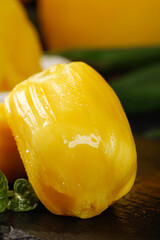 Fresh Yellow Bell Pepper with Water Droplets on Wooden Surface - Healthy Vegetable Food Photography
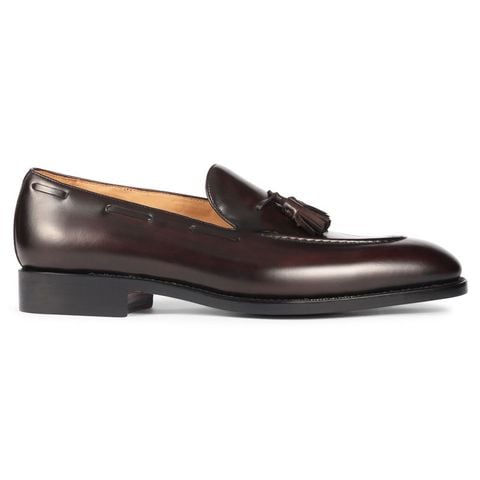  Giày tây không buộc dây loafer màu nâu 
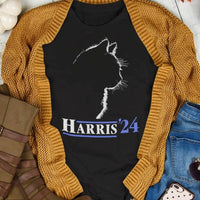 Cat Ladies for Kamala Harris 2024 - Kamala Cat T - Shirt - Bliss Birthday Shirts - S - Black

## [HOW TO COMPLETE THIS TASK]
Return the complete material exactly as given, excluding images.

## [WRITTEN SOLUTION]
 Fresh Yellow Bell Pepper with Water Droplets on Wooden Surface - Healthy Vegetable Food Photography
  Giày tây không buộc dây loafer màu nâu 
 Cat Ladies for Kamala Harris 2024 - Kamala Cat T - Shirt - Bliss Birthday Shirts - S - Black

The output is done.